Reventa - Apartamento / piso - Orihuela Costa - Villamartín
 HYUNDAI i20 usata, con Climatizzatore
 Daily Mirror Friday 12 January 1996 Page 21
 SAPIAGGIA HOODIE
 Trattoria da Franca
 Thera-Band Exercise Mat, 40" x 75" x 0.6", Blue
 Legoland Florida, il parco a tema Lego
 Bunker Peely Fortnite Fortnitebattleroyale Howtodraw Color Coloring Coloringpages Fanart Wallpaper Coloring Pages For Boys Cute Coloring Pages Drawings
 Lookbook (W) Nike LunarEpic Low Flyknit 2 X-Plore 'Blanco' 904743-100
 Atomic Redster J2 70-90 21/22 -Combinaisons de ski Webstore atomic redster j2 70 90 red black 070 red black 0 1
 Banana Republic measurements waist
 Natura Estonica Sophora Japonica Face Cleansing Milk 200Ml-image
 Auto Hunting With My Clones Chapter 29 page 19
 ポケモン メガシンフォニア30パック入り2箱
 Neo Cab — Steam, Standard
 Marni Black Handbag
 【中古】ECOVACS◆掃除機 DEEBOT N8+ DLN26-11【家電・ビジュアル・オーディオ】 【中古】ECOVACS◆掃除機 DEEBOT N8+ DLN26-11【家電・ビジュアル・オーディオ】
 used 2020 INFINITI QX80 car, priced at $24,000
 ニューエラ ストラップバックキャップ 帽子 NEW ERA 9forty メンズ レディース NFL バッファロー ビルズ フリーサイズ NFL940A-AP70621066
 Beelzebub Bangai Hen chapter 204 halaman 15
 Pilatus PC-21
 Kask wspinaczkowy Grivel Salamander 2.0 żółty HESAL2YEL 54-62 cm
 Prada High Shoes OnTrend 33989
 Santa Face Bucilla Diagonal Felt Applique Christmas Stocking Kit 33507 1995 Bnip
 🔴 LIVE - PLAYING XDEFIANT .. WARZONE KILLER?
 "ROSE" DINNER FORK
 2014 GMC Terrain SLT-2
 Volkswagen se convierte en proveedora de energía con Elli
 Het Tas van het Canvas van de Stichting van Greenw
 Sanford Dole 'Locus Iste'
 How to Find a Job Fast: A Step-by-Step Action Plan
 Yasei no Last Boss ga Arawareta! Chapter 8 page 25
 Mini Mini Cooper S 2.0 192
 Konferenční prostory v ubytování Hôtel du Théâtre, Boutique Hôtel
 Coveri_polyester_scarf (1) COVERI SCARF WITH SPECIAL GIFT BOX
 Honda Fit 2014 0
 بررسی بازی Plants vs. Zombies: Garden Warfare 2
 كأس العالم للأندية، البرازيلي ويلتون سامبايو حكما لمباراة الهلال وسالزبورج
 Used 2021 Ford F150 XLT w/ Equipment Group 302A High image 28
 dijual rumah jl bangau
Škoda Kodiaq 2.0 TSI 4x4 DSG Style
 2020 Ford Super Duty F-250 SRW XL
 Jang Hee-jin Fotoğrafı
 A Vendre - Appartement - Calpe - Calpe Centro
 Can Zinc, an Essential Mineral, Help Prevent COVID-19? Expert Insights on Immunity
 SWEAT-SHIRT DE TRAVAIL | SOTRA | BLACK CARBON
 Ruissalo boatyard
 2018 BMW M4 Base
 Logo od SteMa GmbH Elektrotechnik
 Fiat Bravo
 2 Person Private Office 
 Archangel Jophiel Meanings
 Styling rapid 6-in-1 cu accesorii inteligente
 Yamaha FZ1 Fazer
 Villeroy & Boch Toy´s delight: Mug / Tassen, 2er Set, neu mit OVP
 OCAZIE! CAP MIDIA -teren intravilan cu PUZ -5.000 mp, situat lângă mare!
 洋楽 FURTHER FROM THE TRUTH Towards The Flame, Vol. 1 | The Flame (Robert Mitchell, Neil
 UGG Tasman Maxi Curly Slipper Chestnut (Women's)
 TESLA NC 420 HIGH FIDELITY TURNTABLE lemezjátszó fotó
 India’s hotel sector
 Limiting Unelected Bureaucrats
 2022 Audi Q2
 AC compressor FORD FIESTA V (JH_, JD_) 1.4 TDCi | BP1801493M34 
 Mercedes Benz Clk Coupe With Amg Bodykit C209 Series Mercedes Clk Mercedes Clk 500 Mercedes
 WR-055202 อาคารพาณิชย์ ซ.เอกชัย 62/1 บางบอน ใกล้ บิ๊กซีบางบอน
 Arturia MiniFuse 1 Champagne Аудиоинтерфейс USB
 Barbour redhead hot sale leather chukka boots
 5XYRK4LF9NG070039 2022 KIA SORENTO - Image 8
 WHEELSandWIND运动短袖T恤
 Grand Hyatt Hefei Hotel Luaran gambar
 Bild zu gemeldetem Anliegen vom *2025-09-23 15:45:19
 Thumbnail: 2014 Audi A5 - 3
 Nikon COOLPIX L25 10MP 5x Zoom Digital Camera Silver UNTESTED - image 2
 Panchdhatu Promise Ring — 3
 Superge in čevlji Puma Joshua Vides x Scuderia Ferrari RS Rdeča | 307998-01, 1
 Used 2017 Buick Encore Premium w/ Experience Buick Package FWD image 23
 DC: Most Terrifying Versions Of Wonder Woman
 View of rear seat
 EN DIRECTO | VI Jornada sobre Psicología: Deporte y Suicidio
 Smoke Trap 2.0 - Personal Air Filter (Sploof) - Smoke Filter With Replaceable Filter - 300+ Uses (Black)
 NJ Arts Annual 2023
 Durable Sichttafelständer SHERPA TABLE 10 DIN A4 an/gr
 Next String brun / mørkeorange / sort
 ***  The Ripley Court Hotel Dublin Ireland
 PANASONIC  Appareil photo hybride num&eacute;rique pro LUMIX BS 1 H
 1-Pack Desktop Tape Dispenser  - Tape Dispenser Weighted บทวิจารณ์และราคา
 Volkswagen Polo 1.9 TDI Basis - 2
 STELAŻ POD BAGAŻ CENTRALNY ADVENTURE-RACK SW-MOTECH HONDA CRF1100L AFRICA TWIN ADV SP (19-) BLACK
* * * * *
Restating every entry above word for word is the whole task.

Reventa - Apartamento / piso - Orihuela Costa - Villamartín
 HYUNDAI i20 usata, con Climatizzatore
 Daily Mirror Friday 12 January 1996 Page 21
 SAPIAGGIA HOODIE
 Trattoria da Franca
 Thera-Band Exercise Mat, 40" x 75" x 0.6", Blue
 Legoland Florida, il parco a tema Lego
 Bunker Peely Fortnite Fortnitebattleroyale Howtodraw Color Coloring Coloringpages Fanart Wallpaper Coloring Pages For Boys Cute Coloring Pages Drawings
 Lookbook (W) Nike LunarEpic Low Flyknit 2 X-Plore 'Blanco' 904743-100
 Atomic Redster J2 70-90 21/22 -Combinaisons de ski Webstore atomic redster j2 70 90 red black 070 red black 0 1
 Banana Republic measurements waist
 Natura Estonica Sophora Japonica Face Cleansing Milk 200Ml-image
 Auto Hunting With My Clones Chapter 29 page 19
 ポケモン メガシンフォニア30パック入り2箱
 Neo Cab — Steam, Standard
 Marni Black Handbag
 【中古】ECOVACS◆掃除機 DEEBOT N8+ DLN26-11【家電・ビジュアル・オーディオ】 【中古】ECOVACS◆掃除機 DEEBOT N8+ DLN26-11【家電・ビジュアル・オーディオ】
 used 2020 INFINITI QX80 car, priced at $24,000
 ニューエラ ストラップバックキャップ 帽子 NEW ERA 9forty メンズ レディース NFL バッファロー ビルズ フリーサイズ NFL940A-AP70621066
 Beelzebub Bangai Hen chapter 204 halaman 15
 Pilatus PC-21
 Kask wspinaczkowy Grivel Salamander 2.0 żółty HESAL2YEL 54-62 cm
 Prada High Shoes OnTrend 33989
 Santa Face Bucilla Diagonal Felt Applique Christmas Stocking Kit 33507 1995 Bnip
 🔴 LIVE - PLAYING XDEFIANT .. WARZONE KILLER?
 "ROSE" DINNER FORK
 2014 GMC Terrain SLT-2
 Volkswagen se convierte en proveedora de energía con Elli
 Het Tas van het Canvas van de Stichting van Greenw
 Sanford Dole 'Locus Iste'
 How to Find a Job Fast: A Step-by-Step Action Plan
 Yasei no Last Boss ga Arawareta! Chapter 8 page 25
 Mini Mini Cooper S 2.0 192
 Konferenční prostory v ubytování Hôtel du Théâtre, Boutique Hôtel
 Coveri_polyester_scarf (1) COVERI SCARF WITH SPECIAL GIFT BOX
 Honda Fit 2014 0
 بررسی بازی Plants vs. Zombies: Garden Warfare 2
 كأس العالم للأندية، البرازيلي ويلتون سامبايو حكما لمباراة الهلال وسالزبورج
 Used 2021 Ford F150 XLT w/ Equipment Group 302A High image 28
 dijual rumah jl bangau
Škoda Kodiaq 2.0 TSI 4x4 DSG Style
 2020 Ford Super Duty F-250 SRW XL
 Jang Hee-jin Fotoğrafı
 A Vendre - Appartement - Calpe - Calpe Centro
 Can Zinc, an Essential Mineral, Help Prevent COVID-19? Expert Insights on Immunity
 SWEAT-SHIRT DE TRAVAIL | SOTRA | BLACK CARBON
 Ruissalo boatyard
 2018 BMW M4 Base
 Logo od SteMa GmbH Elektrotechnik
 Fiat Bravo
 2 Person Private Office 
 Archangel Jophiel Meanings
 Styling rapid 6-in-1 cu accesorii inteligente
 Yamaha FZ1 Fazer
 Villeroy & Boch Toy´s delight: Mug / Tassen, 2er Set, neu mit OVP
 OCAZIE! CAP MIDIA -teren intravilan cu PUZ -5.000 mp, situat lângă mare!
 洋楽 FURTHER FROM THE TRUTH Towards The Flame, Vol. 1 | The Flame (Robert Mitchell, Neil
 UGG Tasman Maxi Curly Slipper Chestnut (Women's)
 TESLA NC 420 HIGH FIDELITY TURNTABLE lemezjátszó fotó
 India’s hotel sector
 Limiting Unelected Bureaucrats
 2022 Audi Q2
 AC compressor FORD FIESTA V (JH_, JD_) 1.4 TDCi | BP1801493M34 
 Mercedes Benz Clk Coupe With Amg Bodykit C209 Series Mercedes Clk Mercedes Clk 500 Mercedes
 WR-055202 อาคารพาณิชย์ ซ.เอกชัย 62/1 บางบอน ใกล้ บิ๊กซีบางบอน
 Arturia MiniFuse 1 Champagne Аудиоинтерфейс USB
 Barbour redhead hot sale leather chukka boots
 5XYRK4LF9NG070039 2022 KIA SORENTO - Image 8
 WHEELSandWIND运动短袖T恤
 Grand Hyatt Hefei Hotel Luaran gambar
 Bild zu gemeldetem Anliegen vom *2025-09-23 15:45:19
 Thumbnail: 2014 Audi A5 - 3
 Nikon COOLPIX L25 10MP 5x Zoom Digital Camera Silver UNTESTED - image 2
 Panchdhatu Promise Ring — 3
 Superge in čevlji Puma Joshua Vides x Scuderia Ferrari RS Rdeča | 307998-01, 1
 Used 2017 Buick Encore Premium w/ Experience Buick Package FWD image 23
 DC: Most Terrifying Versions Of Wonder Woman
 View of rear seat
 EN DIRECTO | VI Jornada sobre Psicología: Deporte y Suicidio
 Smoke Trap 2.0 - Personal Air Filter (Sploof) - Smoke Filter With Replaceable Filter - 300+ Uses (Black)
 NJ Arts Annual 2023
 Durable Sichttafelständer SHERPA TABLE 10 DIN A4 an/gr
 Next String brun / mørkeorange / sort
 ***  The Ripley Court Hotel Dublin Ireland
 PANASONIC  Appareil photo hybride num&eacute;rique pro LUMIX BS 1 H
 1-Pack Desktop Tape Dispenser  - Tape Dispenser Weighted บทวิจารณ์และราคา
 Volkswagen Polo 1.9 TDI Basis - 2
 STELAŻ POD BAGAŻ CENTRALNY ADVENTURE-RACK SW-MOTECH HONDA CRF1100L AFRICA TWIN ADV SP (19-) BLACK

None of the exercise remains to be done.